Poggio Bustone = Villa Tizzi
Als wir um 16 Uhr an der Villa Tizzi in Poggio Bustone standen, um dort zu übernachten, brach eine Welt für uns zusammen. Keiner da! Unser geliebter Valentino, seine reizende Frau Marisa mit Tochter Deri – NICHT DA! Wir wollten sie überraschen mit unserem Besuch, unserem Stempel und überhaupt. Nicht da…Tja, so ist das mit Überraschungen.

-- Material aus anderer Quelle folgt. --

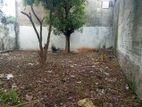 Commercial Land for Rent in Wattala (sp1316)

Da kam mir die Idee, den Stempel in eine Tüte zu stecken, mit einer Nachricht, dass wir da gewesen wären und in den Briefkasten damit. Toni meinte noch: „Lass ein wenig von der Tüte herausragen!“ Wir konnten es einfach nicht glauben. Nicht da…
Just als wir uns im Hotel in Rieti auf das Bett niedergelassen hatten, läutete das Hoteltelefon. Deri! Sie wusste genau, wo sie anrufen musste, cleveres Mädchen! Sie meinte, wo wir denn heute Abend essen wollten, ich entgegnete, nirgendwo bestimmtes und wir würden sie gerne zum Essen einladen. Nix da, abholen würde sie uns und die Mamma würde Amatriciana kochen! Widerspruch zwecklos. So trug es sich zu, dass wir einen der schönsten Abende unserer Reise in der Villa Tizzi verlebten. Zusammen mit Valentino, Marisa, Deri und Davido, der Sohn, der in New York lebt und auf Urlaub zu Besuch ist. So konnten wir uns das erste Mal auch einwandfrei austauschen!
Danke Villa Tizzi! Grazie Tanti!
Rieti von der schönsten Seite
Hinauf gehts zum Kloster Greccio
Höhenmeter nagen am Gemüt
Langsam geht mir der Apennin auf die Nerven. Heute schon wieder über 1000 Höhenmeter geradelt. Es geht einfach nur immer rauf rauf rauf. Ich bin schon ganz deppert davon! Ich sehne mich zurück auf die Via Claudia, die Anfänge, einfach nur Geradeaus radeln. Naja, übermorgen sind wir in Rom, da ist es erstmal flach. Rom selbst wird zum Radfahren kaum Vergnügen bieten, schätze ich. Aber einfach das Rad ins Hotel und ab Sightseeing – Zu Fuß, versteht sich, nix da Velo! Kann ich auch bald nicht mehr sehen, das Ding, wo ich mir immer die Beine voller Schmiere mache, die Griffe, die verschwitzt sind, die Taschen und alles.
Wie gehts weiter? Unser Freund Uwe hat mir vor unserer Reise nicht viel Hoffnung gemacht. Sardinien sei bergig. Mal sehen, schlimmer als hier kann es auch nicht werden. Ich bin und bleibe einfach ein Flachlandindianer, ein Meeresliebhaber, da gehts doch auch nicht rauf und runter! Was mögt ihr lieber – Berge oder flaches Land? Oder lieber das Meer?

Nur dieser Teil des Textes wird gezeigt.